Is this man hyperactive or just plain nuts? The answer is: neither. This herculean publishing work attracts substantial traffic to his real business, which is selling web site and CD-ROM development as well as online marketing advice. This is critically important. It's easy to fall into thinking that online publishing doesn't pay. But even if readers won't fork over a subscription fee to read what you write -- and most will not -- that doesn't mean there's no payoff. |
| 2. Online Insider |
I worked at MCI and IBM at the same time as Robert Seidman, author of
the eponymous Seidman's Online Insider. This newsletter-cum-website
appeals to investors as well as those simply interested in how the
various online services, portals and major web content providers are
faring economically.
Robert has amassed a very substantial readership and has achieved guru status among both vendors and investors. In addition to consulting, he recently began selling analytic reports for serious money -- over 1000 bucks a pop. I'm sure he'd agree, this would probably not have been possible without the substantial visibility -- and credibility -- his online newsletter and web site initially provided. |
| 3. This is True |
Randy Cassingham writes This is True, an email newsletter that recasts
humorous bits that have appeared in the traditional press and adds his
particular spin to each. Unlike the utility of the previous two
examples, this is pure entertainment.
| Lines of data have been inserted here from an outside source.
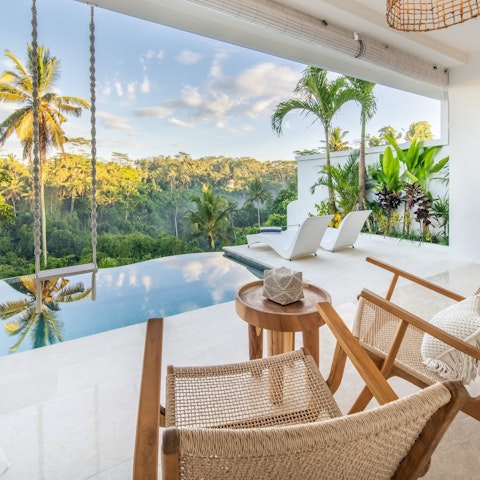 Enjoy an aperitif alongside jungle views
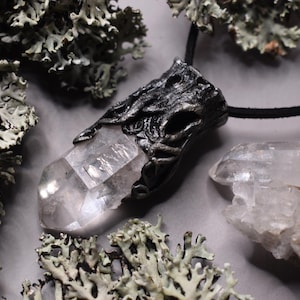 Op de afbeelding: Een zilveren ketting met een hanger met een helder kwartskristal dat is ingekapseld in een gedetailleerd, boomvormig ontwerp. De hanger hangt aan een zwart koord en is omgeven door grijs mos.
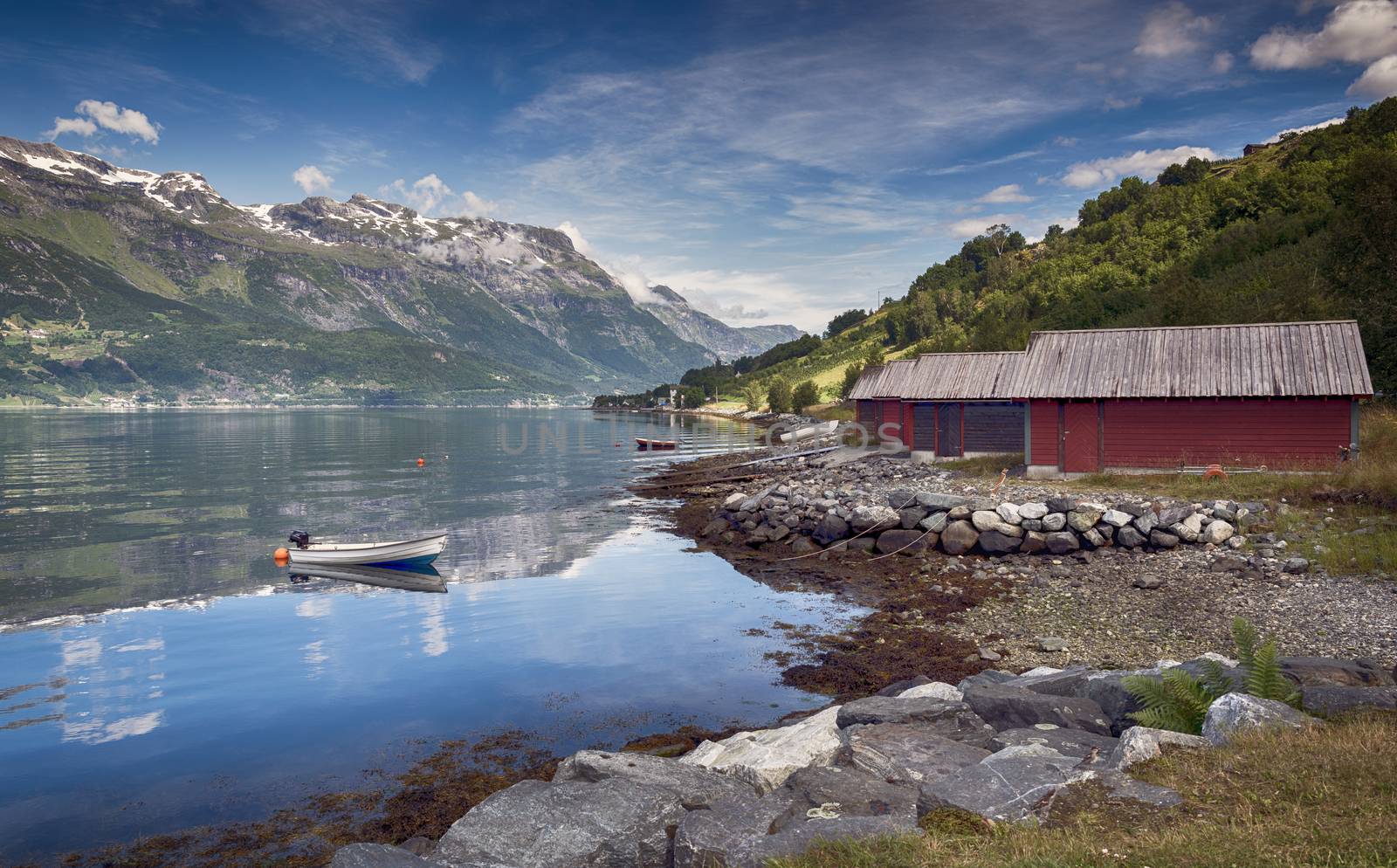 red houses and a boat in the fjord in norway by compuinfoto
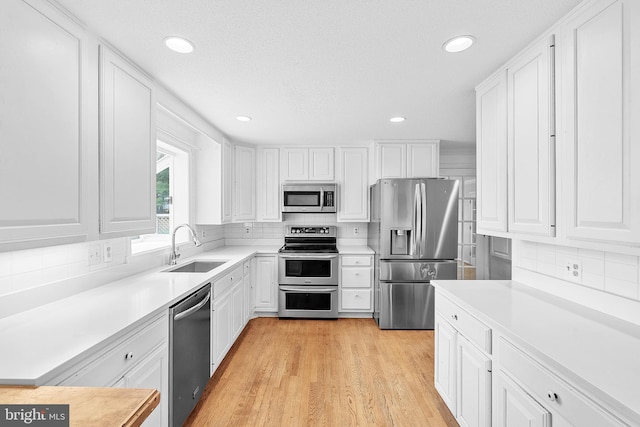 kitchen featuring white cabinets, appliances with stainless steel finishes, light hardwood / wood-style floors, and sink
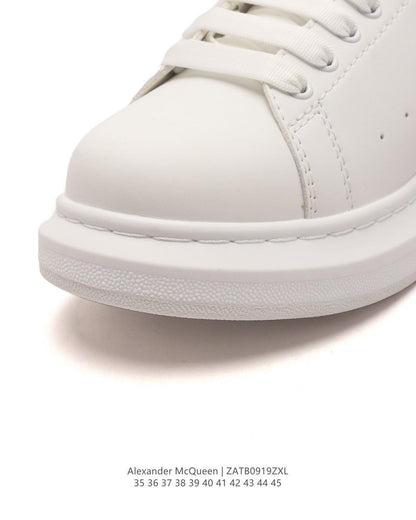 Alexander McQueen Sneakers White & Red | Luxury Fashion Statement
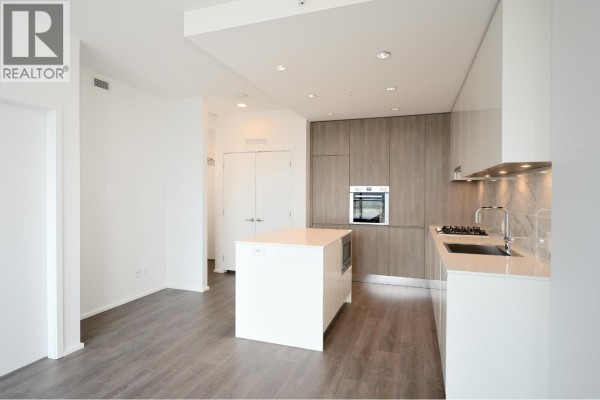 View of the modern kitchen from the living room, featuring an island and counter. - 4708 4650 Brentwood Drive, Burnaby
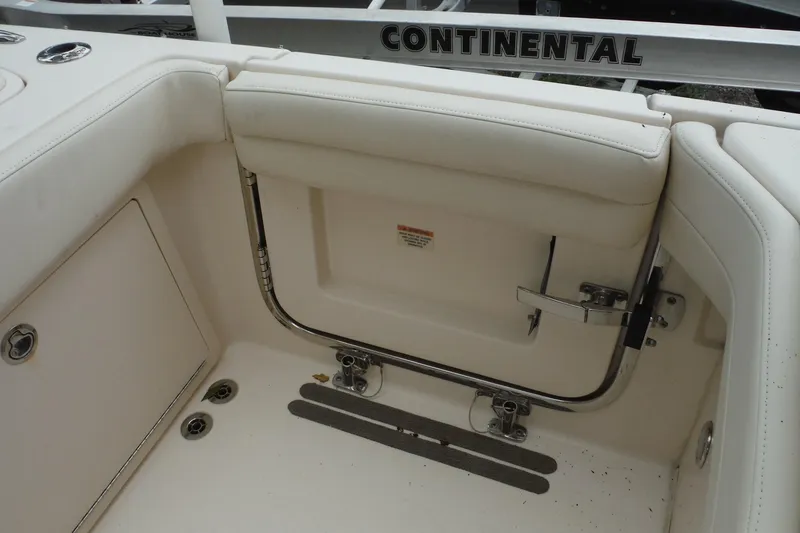 Slide: The Image of 2019 Grady-White Freedom 325 boat interior with white seating and Continental branding. - 25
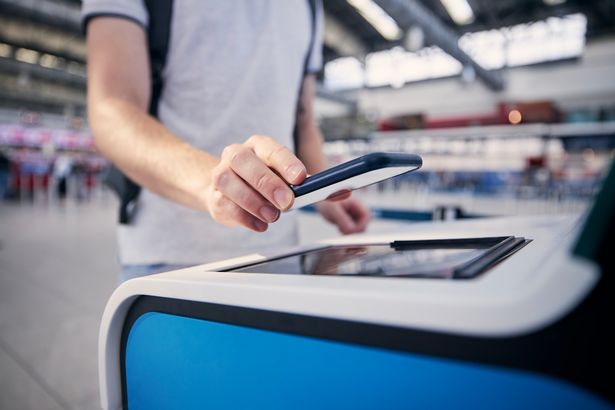 Passenger scanning ticket on smart phone at airport terminal.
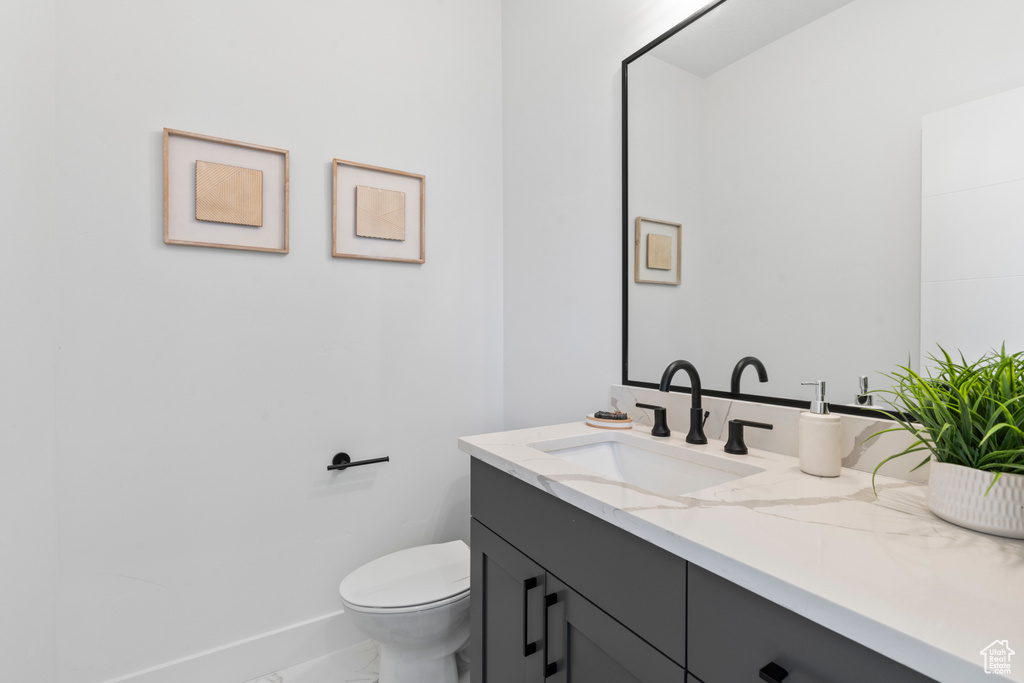 Half bathroom featuring vanity and marble look tile flooring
It's also happens to be
brilliant social commentary. And it works at a practical level as
well.
In addition to a disgustingly large free circulation -- he knows I'm jealous -- Randy offers a premium for-pay edition of the newsletter. He also self-publishes past issues collected into books, which he sells from his web site. He lives entirely off the proceeds of these revenue streams, plus speaking engagements and consulting. |
| 4. JOHO |
The Journal of the Hyperlinked Organization is a webzine published by
David Weinberger, who used to work at Interleaf and Open Text. He's
also a regular commentator on National Public Radio. JOHO is a strange
animal, part twisted humor, part serious analysis of crucial
information management issues. It's readership includes people working
in various quarters of this field, who follow JOHO both for its
substance and for its author's razor-sharp wit.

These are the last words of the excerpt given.